### WHAT TO WORK ON
Every record that follows should be written out word for word; the pictures stay out.

### RECORDED DATA
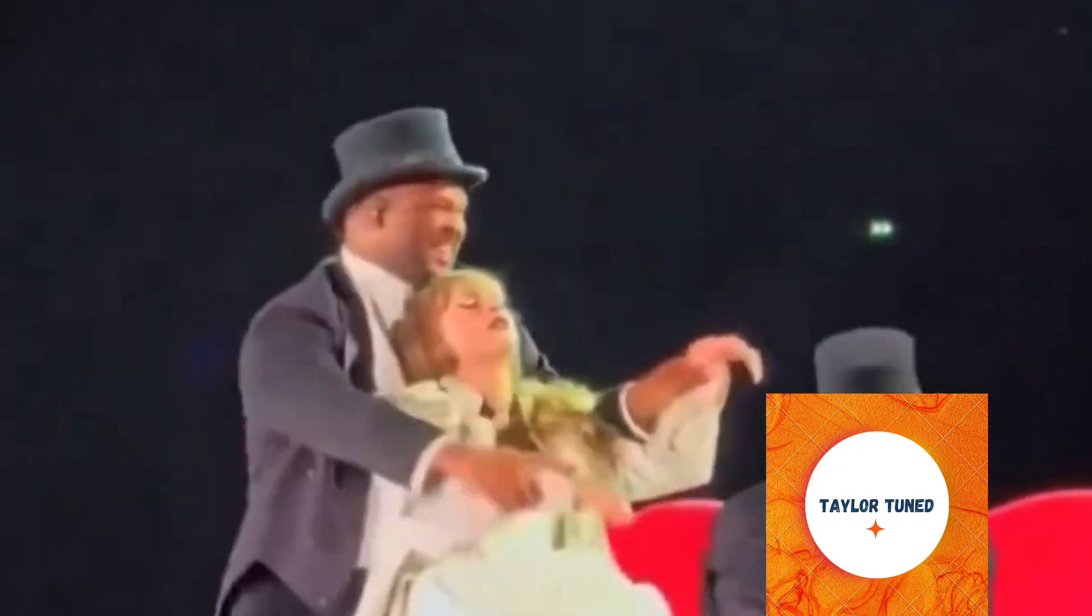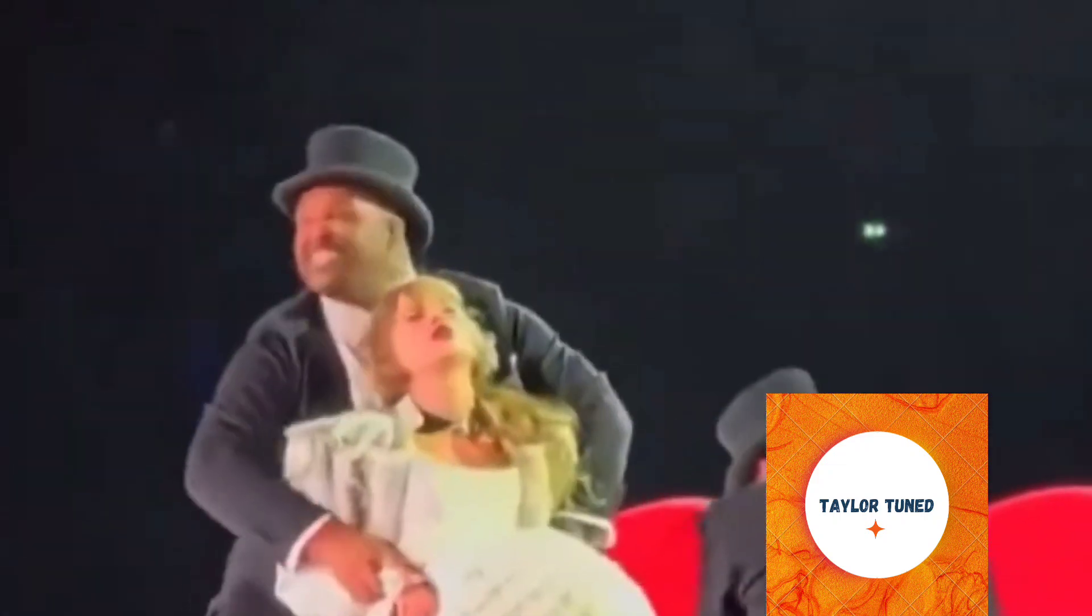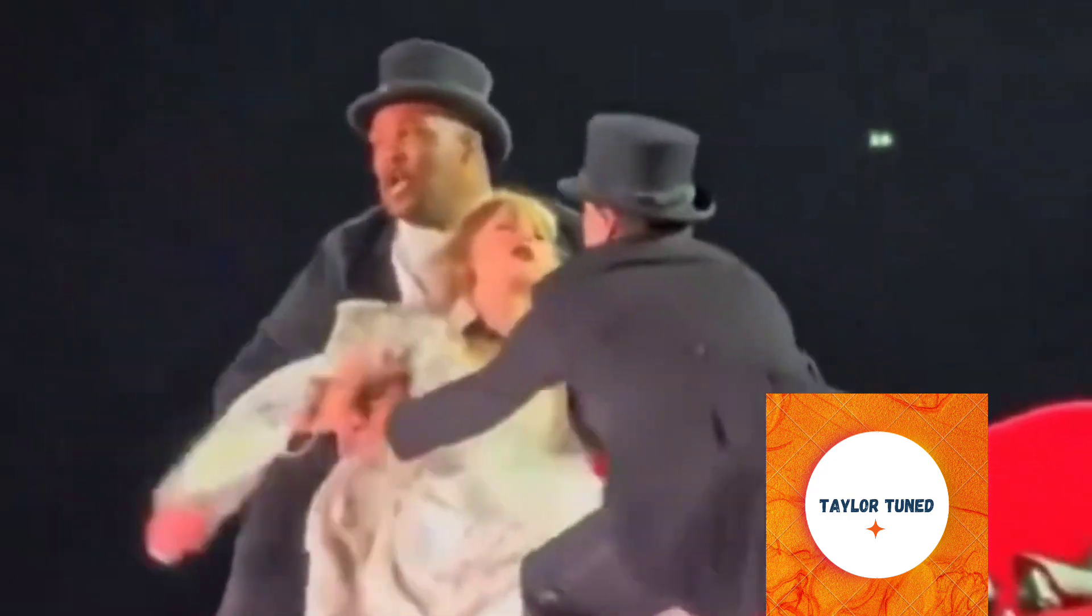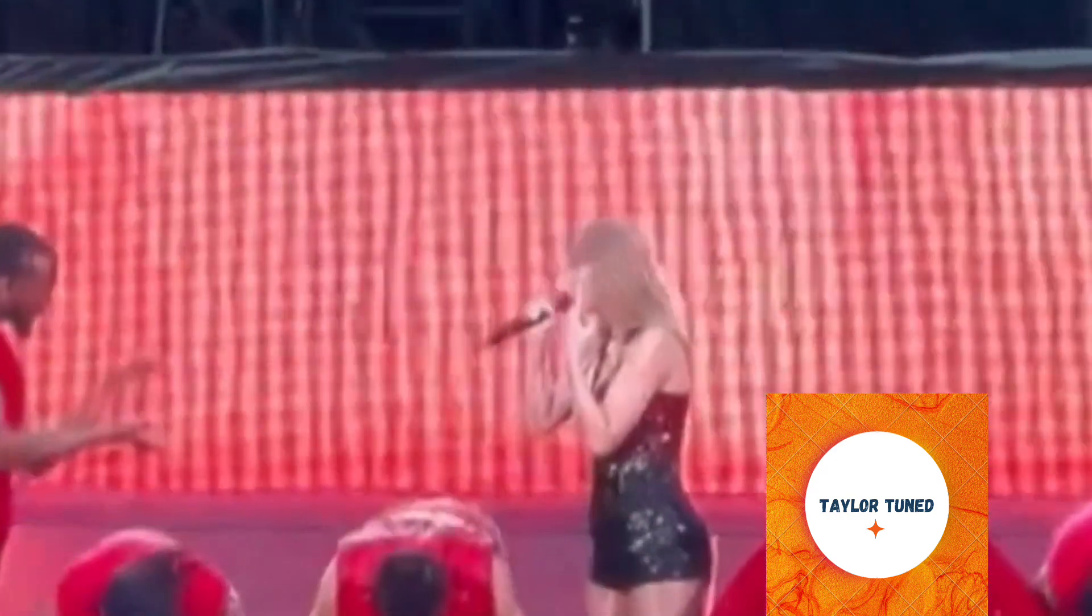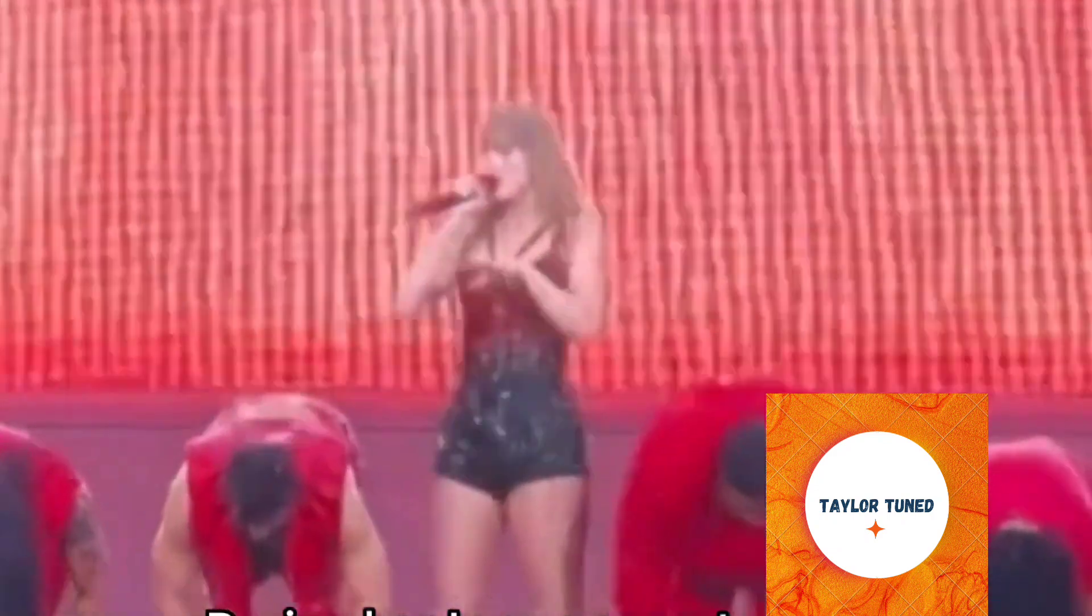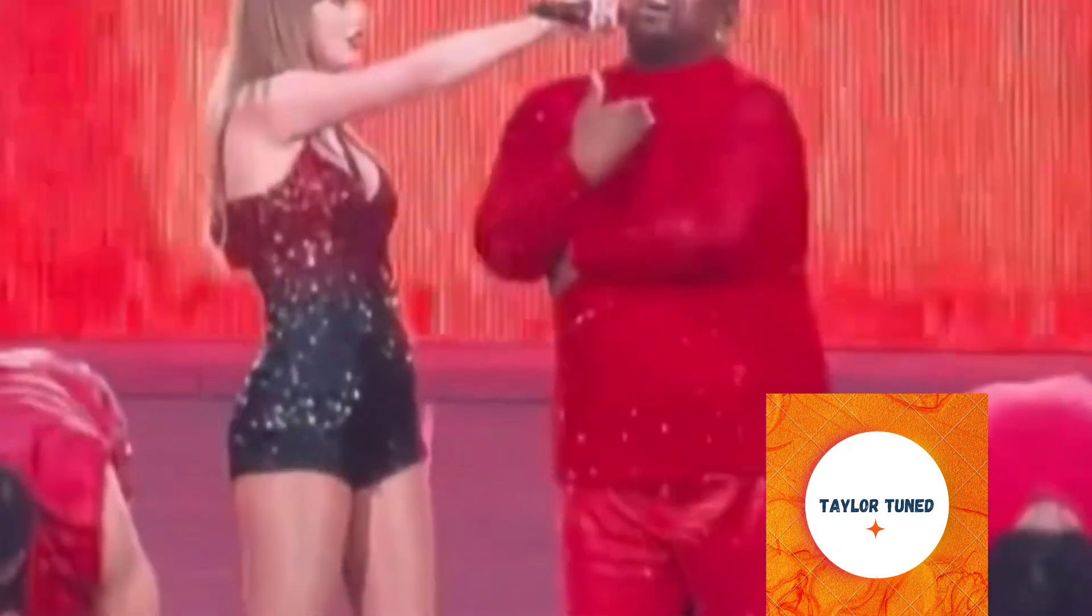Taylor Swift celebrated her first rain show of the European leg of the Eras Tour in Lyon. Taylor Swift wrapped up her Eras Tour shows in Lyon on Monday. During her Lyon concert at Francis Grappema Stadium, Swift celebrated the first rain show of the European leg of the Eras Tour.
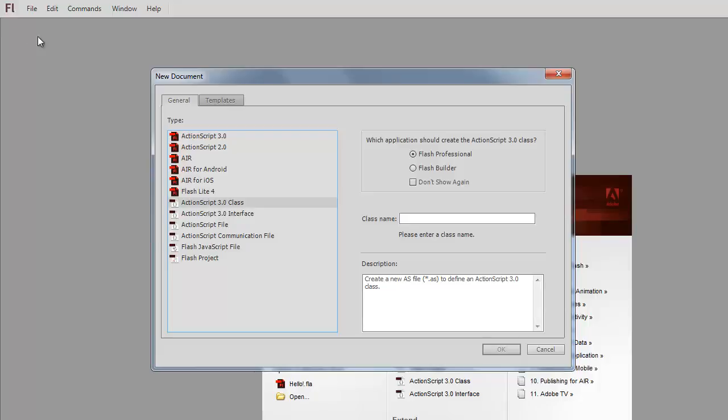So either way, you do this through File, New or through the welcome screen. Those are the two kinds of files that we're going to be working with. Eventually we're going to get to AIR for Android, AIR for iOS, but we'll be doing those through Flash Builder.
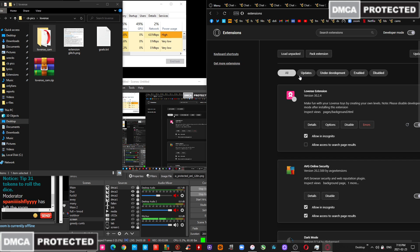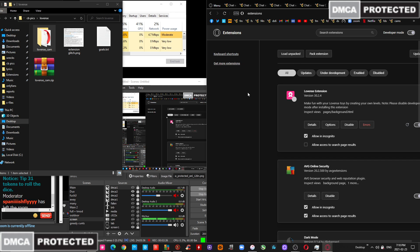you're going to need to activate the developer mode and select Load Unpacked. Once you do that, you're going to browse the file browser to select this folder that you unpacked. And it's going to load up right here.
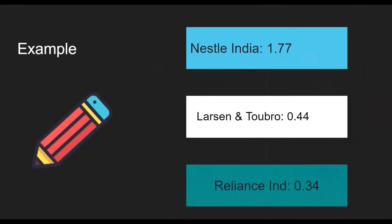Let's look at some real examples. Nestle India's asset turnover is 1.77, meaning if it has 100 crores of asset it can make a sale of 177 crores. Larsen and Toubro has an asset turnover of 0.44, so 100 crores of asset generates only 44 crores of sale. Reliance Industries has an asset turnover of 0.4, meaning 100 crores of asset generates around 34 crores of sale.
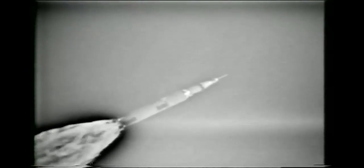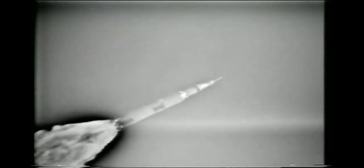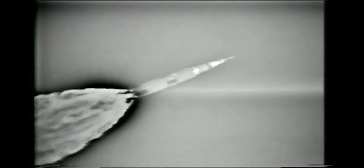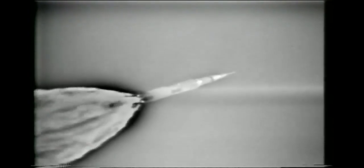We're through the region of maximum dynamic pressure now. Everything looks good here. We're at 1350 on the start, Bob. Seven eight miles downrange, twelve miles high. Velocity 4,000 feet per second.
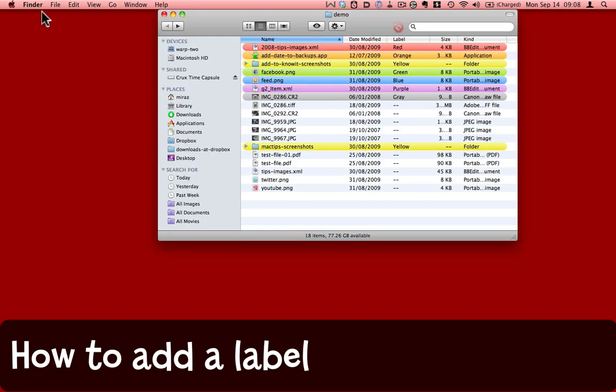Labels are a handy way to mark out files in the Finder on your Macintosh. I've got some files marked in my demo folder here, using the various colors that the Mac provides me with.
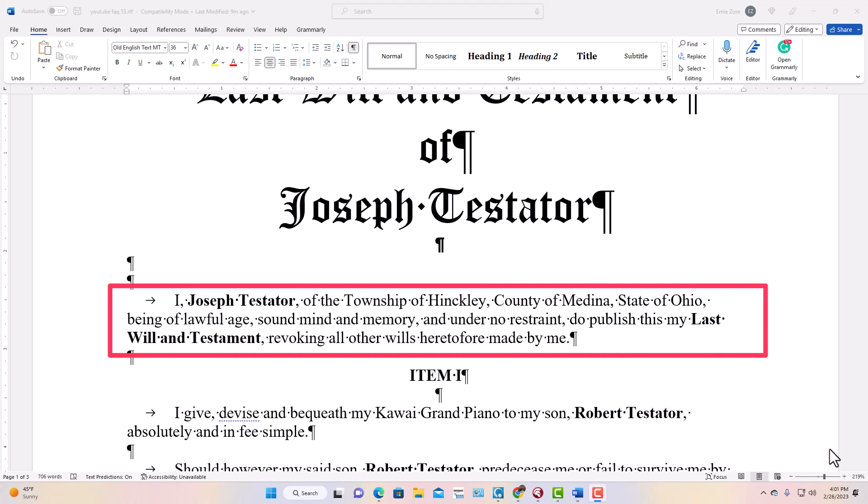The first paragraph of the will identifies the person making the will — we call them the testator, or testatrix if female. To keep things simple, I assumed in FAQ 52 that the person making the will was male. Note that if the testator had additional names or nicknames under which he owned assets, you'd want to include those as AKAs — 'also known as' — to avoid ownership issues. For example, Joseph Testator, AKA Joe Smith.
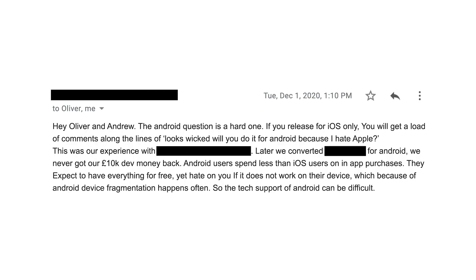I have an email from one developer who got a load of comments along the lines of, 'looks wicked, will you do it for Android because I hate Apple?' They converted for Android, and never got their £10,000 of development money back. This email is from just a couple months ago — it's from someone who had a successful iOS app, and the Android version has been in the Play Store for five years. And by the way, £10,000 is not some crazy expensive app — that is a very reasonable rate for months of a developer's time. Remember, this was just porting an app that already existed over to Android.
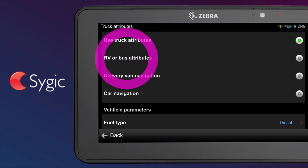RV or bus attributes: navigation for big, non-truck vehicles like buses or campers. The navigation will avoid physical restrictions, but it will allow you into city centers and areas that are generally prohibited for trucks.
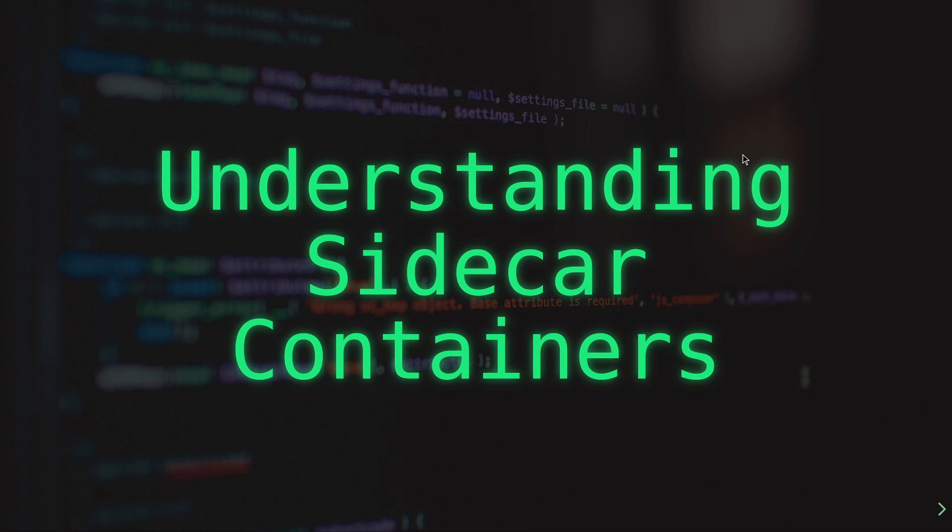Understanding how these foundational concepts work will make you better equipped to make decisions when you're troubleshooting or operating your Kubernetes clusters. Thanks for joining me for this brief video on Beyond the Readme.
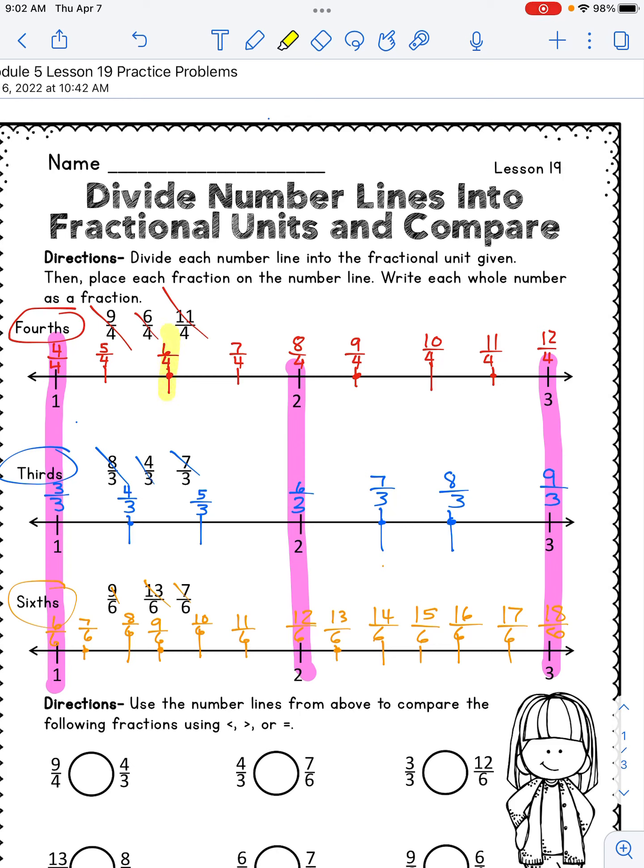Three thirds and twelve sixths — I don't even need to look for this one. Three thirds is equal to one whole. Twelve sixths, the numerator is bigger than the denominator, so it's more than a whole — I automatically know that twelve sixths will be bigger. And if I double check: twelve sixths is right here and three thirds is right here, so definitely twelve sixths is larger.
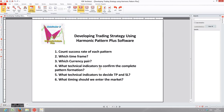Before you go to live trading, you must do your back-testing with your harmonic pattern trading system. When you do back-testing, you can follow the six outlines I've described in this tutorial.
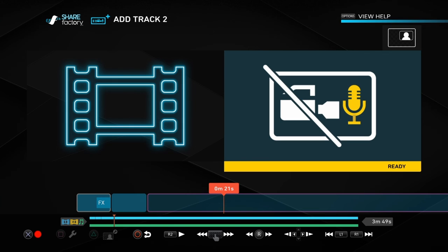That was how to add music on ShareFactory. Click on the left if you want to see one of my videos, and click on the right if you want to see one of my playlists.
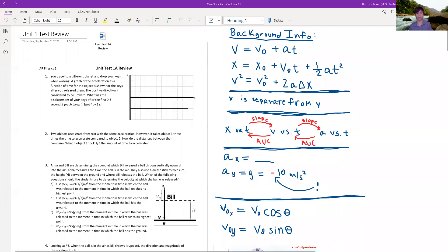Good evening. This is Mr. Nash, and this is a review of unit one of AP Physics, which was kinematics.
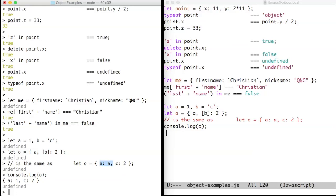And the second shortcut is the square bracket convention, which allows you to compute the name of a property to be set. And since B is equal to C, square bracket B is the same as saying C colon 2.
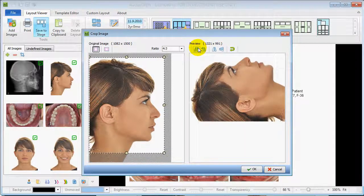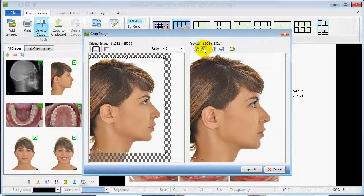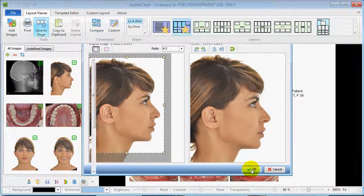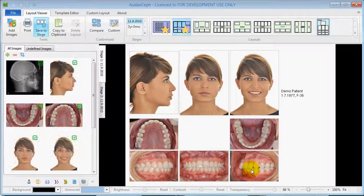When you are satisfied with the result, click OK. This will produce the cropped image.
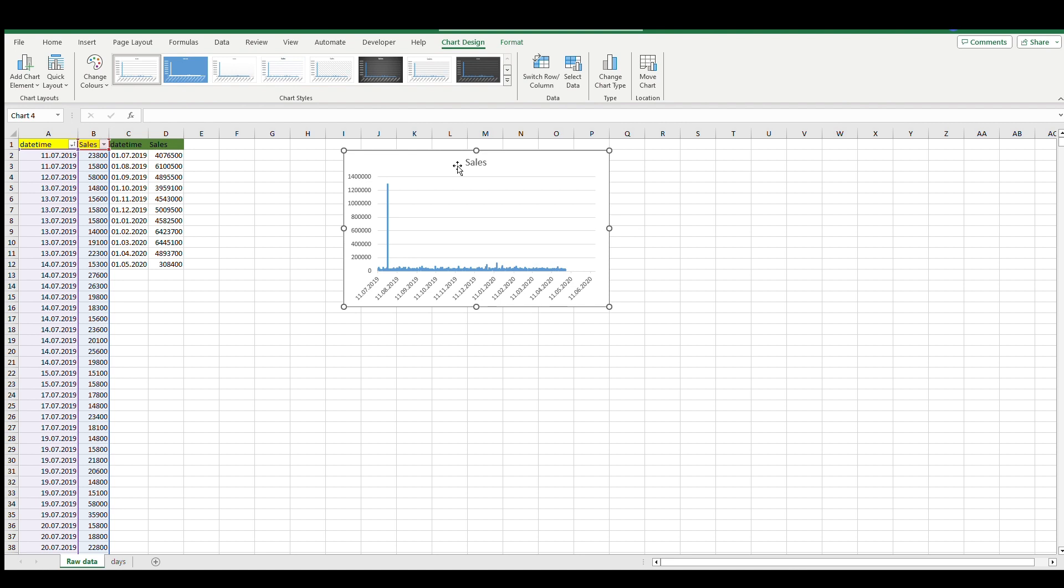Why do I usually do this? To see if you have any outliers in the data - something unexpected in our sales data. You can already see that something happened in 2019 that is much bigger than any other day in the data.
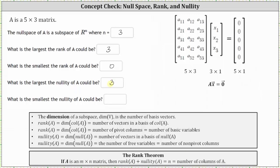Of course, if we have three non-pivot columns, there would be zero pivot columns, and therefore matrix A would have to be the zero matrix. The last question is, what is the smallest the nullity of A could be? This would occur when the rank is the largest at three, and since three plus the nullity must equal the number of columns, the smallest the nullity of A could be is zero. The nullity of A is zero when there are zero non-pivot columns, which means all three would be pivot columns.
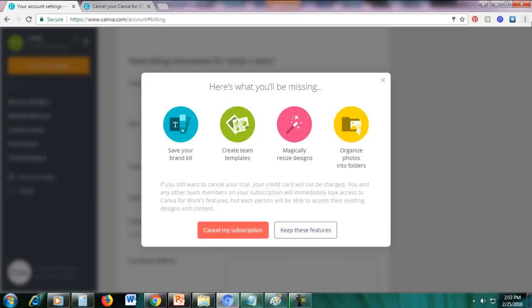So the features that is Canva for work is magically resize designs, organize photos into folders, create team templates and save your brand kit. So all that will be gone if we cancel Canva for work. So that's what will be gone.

### ANSWER TO THE EXERCISE
Taylor Swift celebrated her first rain show of the European leg of the Eras Tour in Lyon. Taylor Swift wrapped up her Eras Tour shows in Lyon on Monday. During her Lyon concert at Francis Grappema Stadium, Swift celebrated the first rain show of the European leg of the Eras Tour.
So either way, you do this through File, New or through the welcome screen. Those are the two kinds of files that we're going to be working with. Eventually we're going to get to AIR for Android, AIR for iOS, but we'll be doing those through Flash Builder.
you're going to need to activate the developer mode and select Load Unpacked. Once you do that, you're going to browse the file browser to select this folder that you unpacked. And it's going to load up right here.
Let's look at some real examples. Nestle India's asset turnover is 1.77, meaning if it has 100 crores of asset it can make a sale of 177 crores. Larsen and Toubro has an asset turnover of 0.44, so 100 crores of asset generates only 44 crores of sale. Reliance Industries has an asset turnover of 0.4, meaning 100 crores of asset generates around 34 crores of sale.
We're through the region of maximum dynamic pressure now. Everything looks good here. We're at 1350 on the start, Bob. Seven eight miles downrange, twelve miles high. Velocity 4,000 feet per second.
Labels are a handy way to mark out files in the Finder on your Macintosh. I've got some files marked in my demo folder here, using the various colors that the Mac provides me with.
The first paragraph of the will identifies the person making the will — we call them the testator, or testatrix if female. To keep things simple, I assumed in FAQ 52 that the person making the will was male. Note that if the testator had additional names or nicknames under which he owned assets, you'd want to include those as AKAs — 'also known as' — to avoid ownership issues. For example, Joseph Testator, AKA Joe Smith.
I have an email from one developer who got a load of comments along the lines of, 'looks wicked, will you do it for Android because I hate Apple?' They converted for Android, and never got their £10,000 of development money back. This email is from just a couple months ago — it's from someone who had a successful iOS app, and the Android version has been in the Play Store for five years. And by the way, £10,000 is not some crazy expensive app — that is a very reasonable rate for months of a developer's time. Remember, this was just porting an app that already existed over to Android.
RV or bus attributes: navigation for big, non-truck vehicles like buses or campers. The navigation will avoid physical restrictions, but it will allow you into city centers and areas that are generally prohibited for trucks.
Understanding how these foundational concepts work will make you better equipped to make decisions when you're troubleshooting or operating your Kubernetes clusters. Thanks for joining me for this brief video on Beyond the Readme.
Three thirds and twelve sixths — I don't even need to look for this one. Three thirds is equal to one whole. Twelve sixths, the numerator is bigger than the denominator, so it's more than a whole — I automatically know that twelve sixths will be bigger. And if I double check: twelve sixths is right here and three thirds is right here, so definitely twelve sixths is larger.
Before you go to live trading, you must do your back-testing with your harmonic pattern trading system. When you do back-testing, you can follow the six outlines I've described in this tutorial.
That was how to add music on ShareFactory. Click on the left if you want to see one of my videos, and click on the right if you want to see one of my playlists.
Good evening. This is Mr. Nash, and this is a review of unit one of AP Physics, which was kinematics.
And the second shortcut is the square bracket convention, which allows you to compute the name of a property to be set. And since B is equal to C, square bracket B is the same as saying C colon 2.
When you are satisfied with the result, click OK. This will produce the cropped image.
Why do I usually do this? To see if you have any outliers in the data - something unexpected in our sales data. You can already see that something happened in 2019 that is much bigger than any other day in the data.
Of course, if we have three non-pivot columns, there would be zero pivot columns, and therefore matrix A would have to be the zero matrix. The last question is, what is the smallest the nullity of A could be? This would occur when the rank is the largest at three, and since three plus the nullity must equal the number of columns, the smallest the nullity of A could be is zero. The nullity of A is zero when there are zero non-pivot columns, which means all three would be pivot columns.
So the features that is Canva for work is magically resize designs, organize photos into folders, create team templates and save your brand kit. So all that will be gone if we cancel Canva for work. So that's what will be gone.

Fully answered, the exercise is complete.